§ **Task objective**:
Exactly as they appear below, repeat the lines from the one with "Used 2010 Lexus LS 460 RWD image 11" through the one with "Taxi parqueado en". Drop every picture.

§ **The data**:
....

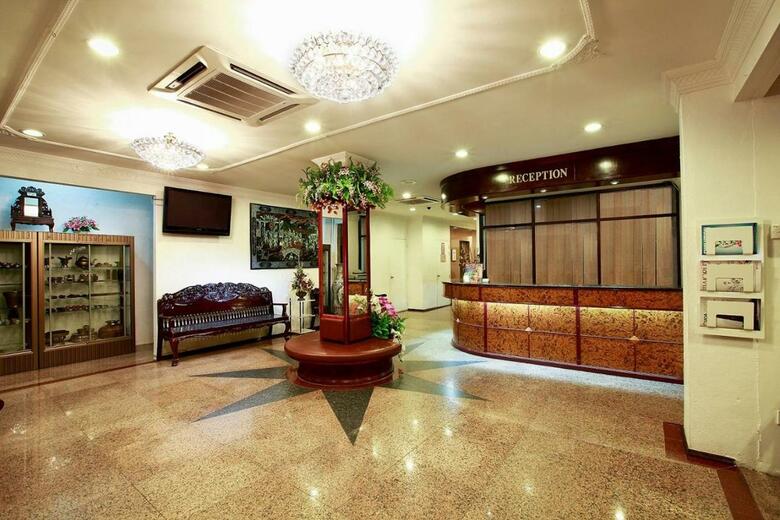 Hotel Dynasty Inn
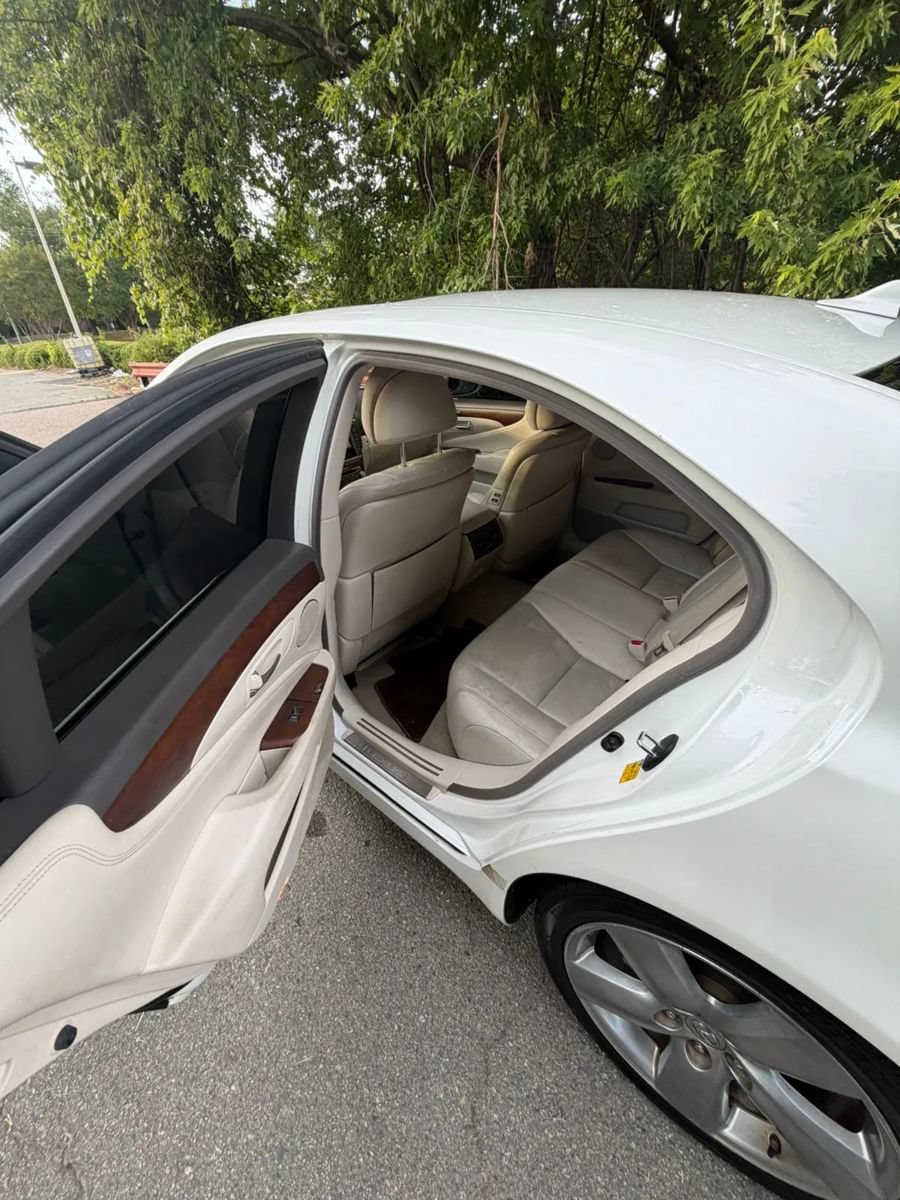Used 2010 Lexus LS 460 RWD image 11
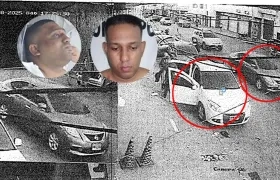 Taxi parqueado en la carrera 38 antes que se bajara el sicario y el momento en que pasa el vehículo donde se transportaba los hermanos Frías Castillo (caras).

....

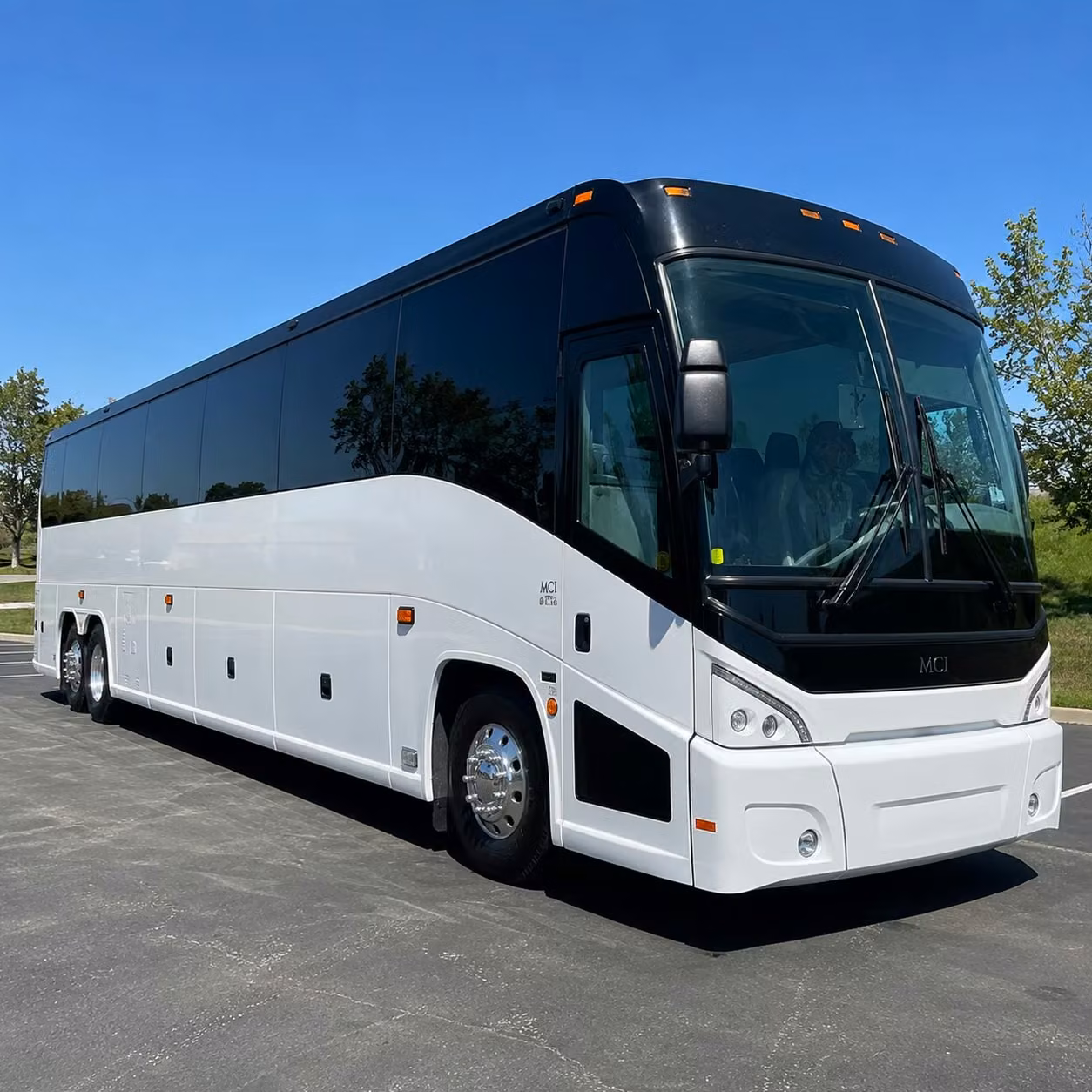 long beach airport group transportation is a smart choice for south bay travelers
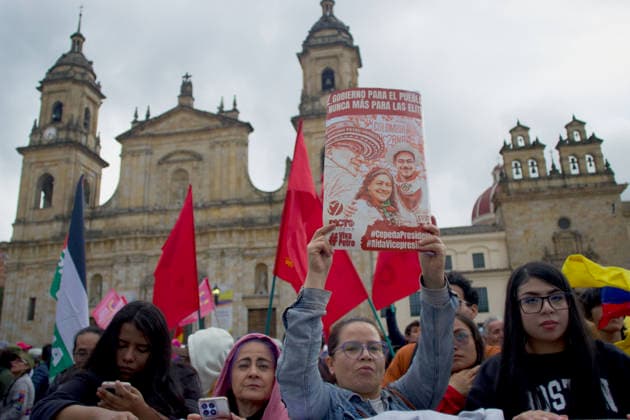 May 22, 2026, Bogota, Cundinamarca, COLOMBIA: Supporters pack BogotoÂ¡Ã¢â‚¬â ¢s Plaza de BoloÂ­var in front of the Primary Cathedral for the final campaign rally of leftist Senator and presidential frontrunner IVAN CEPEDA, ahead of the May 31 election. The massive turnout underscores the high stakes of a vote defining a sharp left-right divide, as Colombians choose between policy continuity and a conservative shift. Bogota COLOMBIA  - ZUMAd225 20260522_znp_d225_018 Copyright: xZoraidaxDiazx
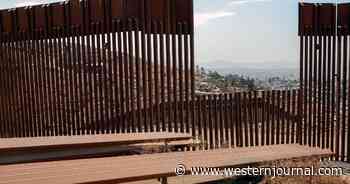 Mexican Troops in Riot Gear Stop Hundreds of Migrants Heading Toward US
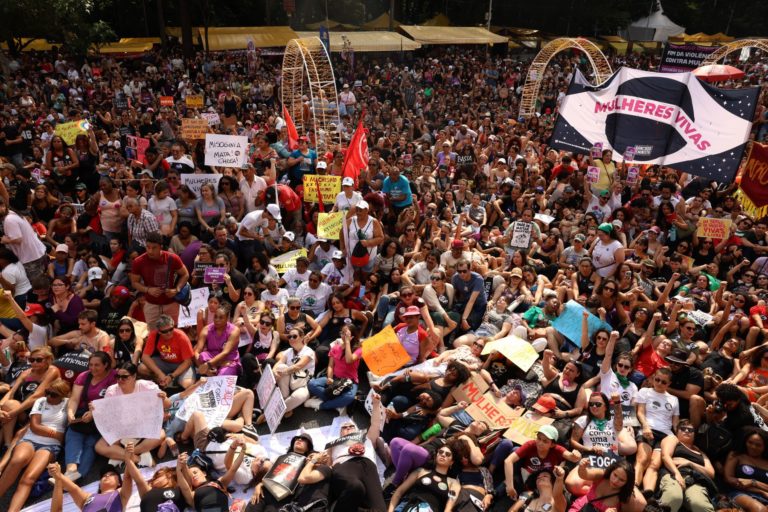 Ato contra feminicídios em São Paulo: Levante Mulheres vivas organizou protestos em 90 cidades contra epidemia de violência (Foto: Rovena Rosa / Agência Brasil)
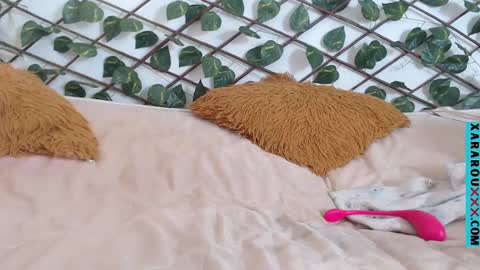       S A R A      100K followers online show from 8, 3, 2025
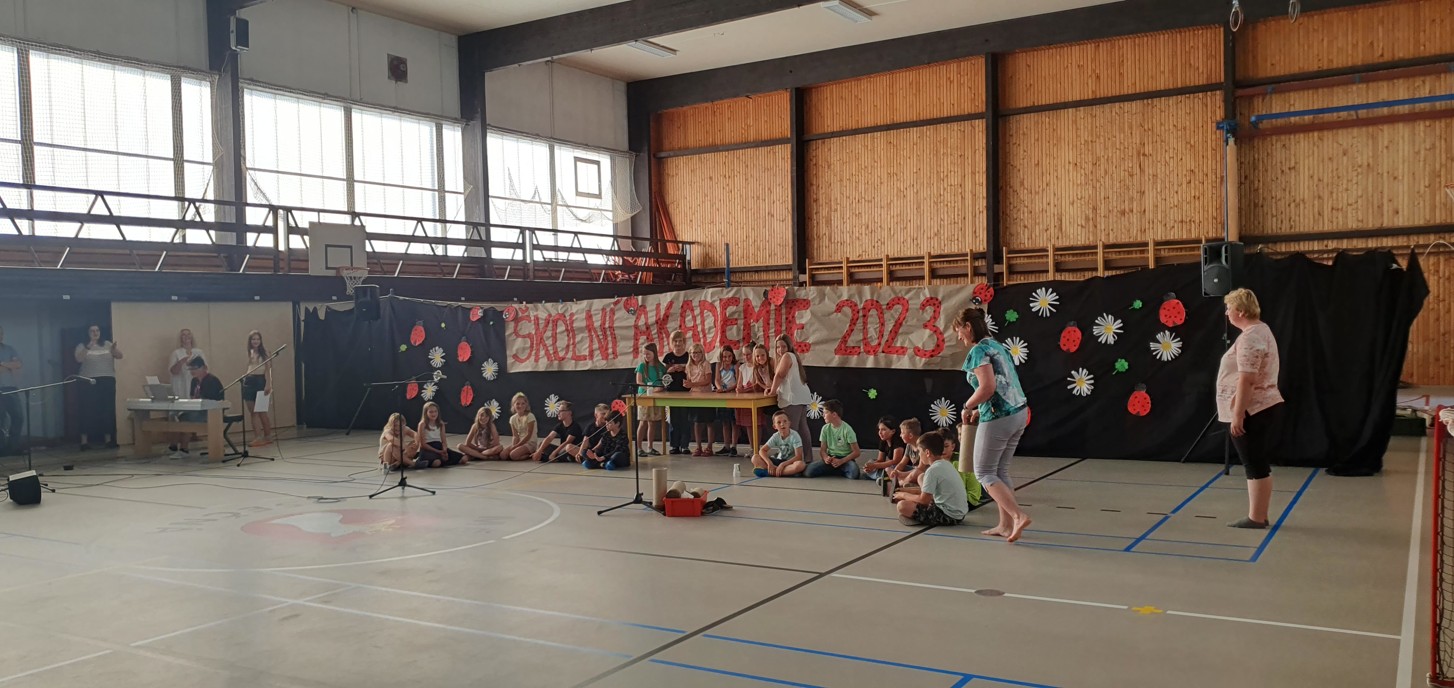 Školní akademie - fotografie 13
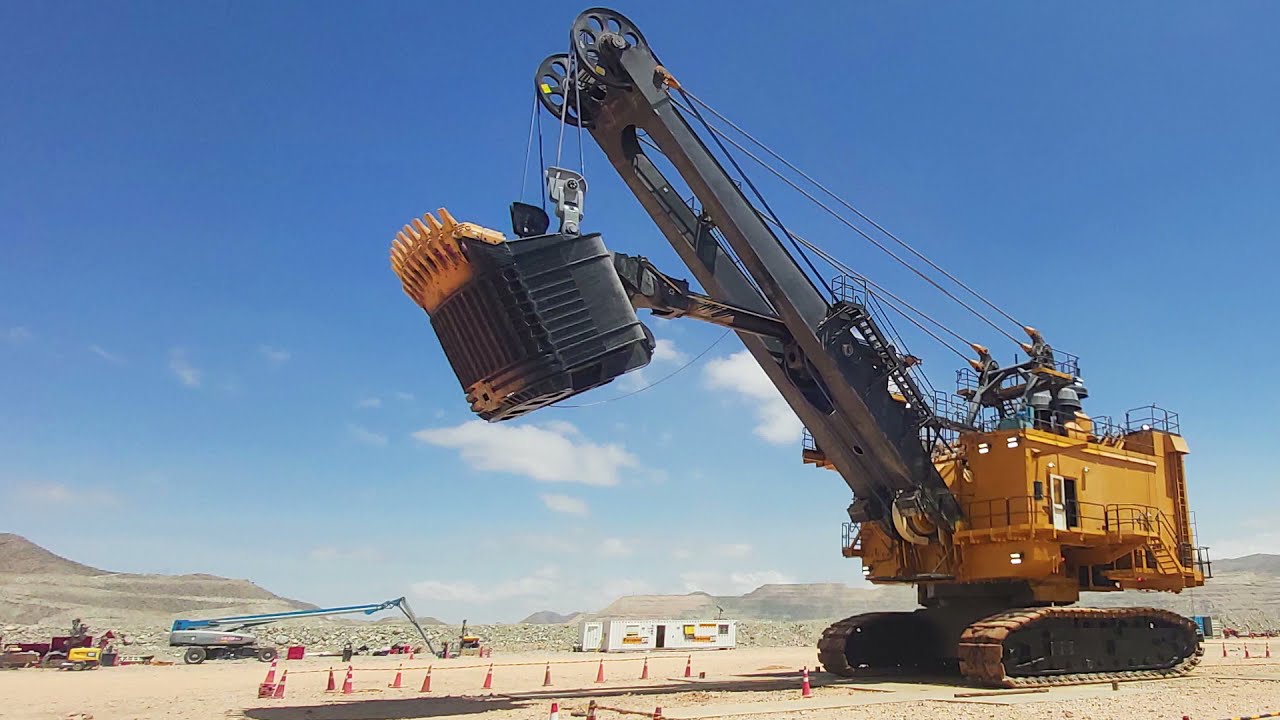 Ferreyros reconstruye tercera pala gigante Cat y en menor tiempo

....

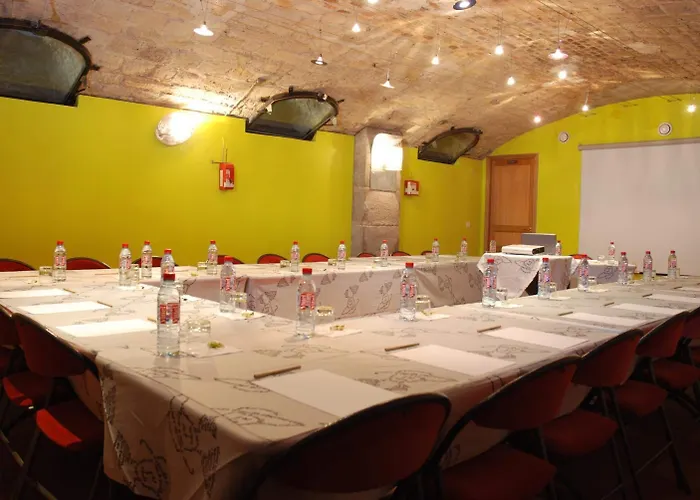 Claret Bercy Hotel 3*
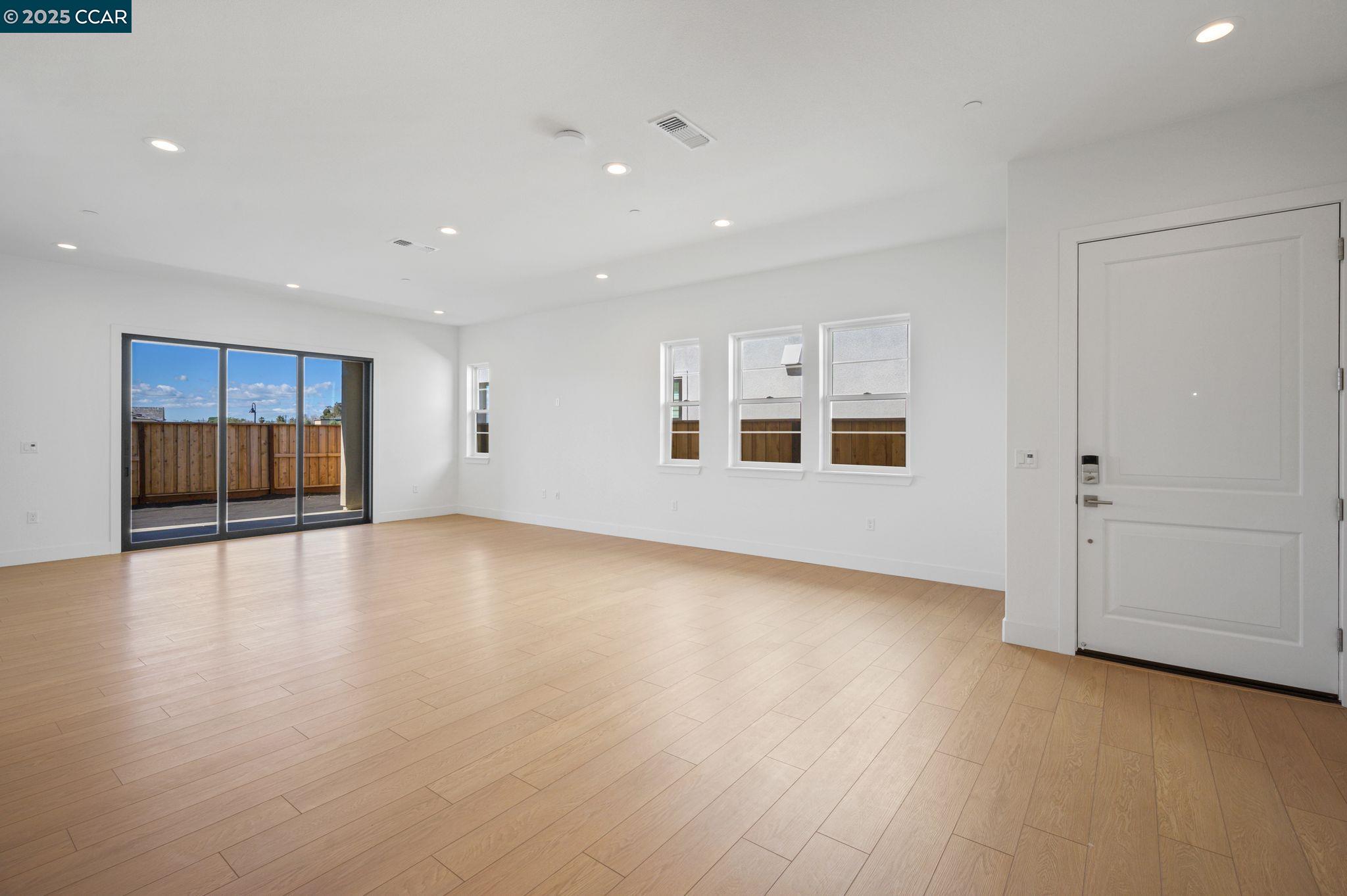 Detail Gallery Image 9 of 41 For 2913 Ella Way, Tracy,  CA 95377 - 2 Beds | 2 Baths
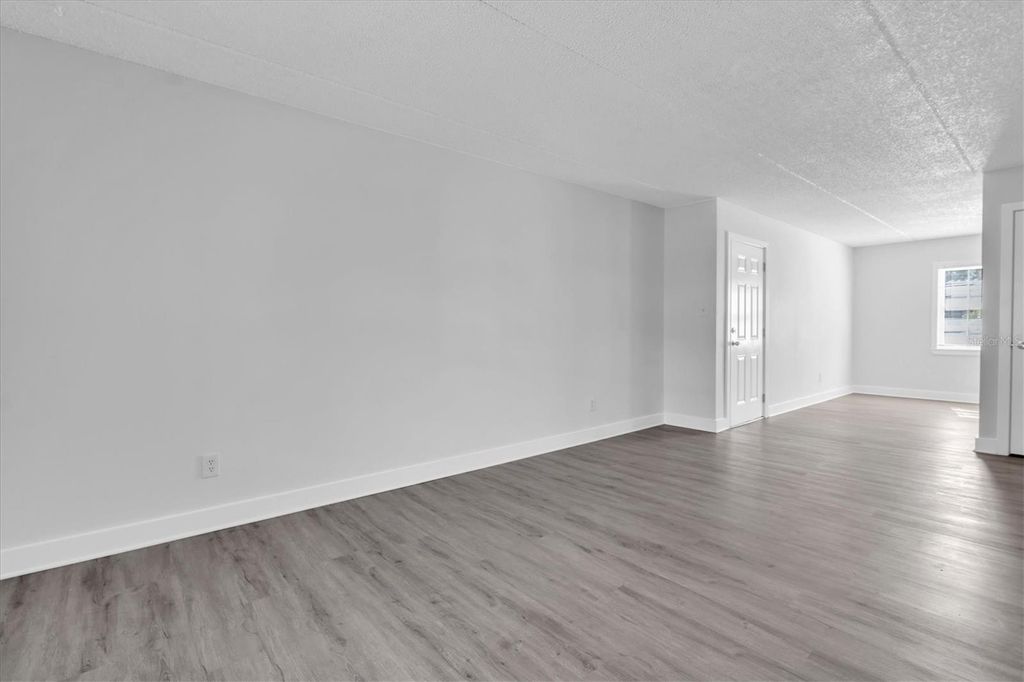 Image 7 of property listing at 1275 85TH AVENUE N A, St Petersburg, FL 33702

....

§ **Task response**:
Used 2010 Lexus LS 460 RWD image 11
 Taxi parqueado en la carrera 38 antes que se bajara el sicario y el momento en que pasa el vehículo donde se transportaba los hermanos Frías Castillo (caras).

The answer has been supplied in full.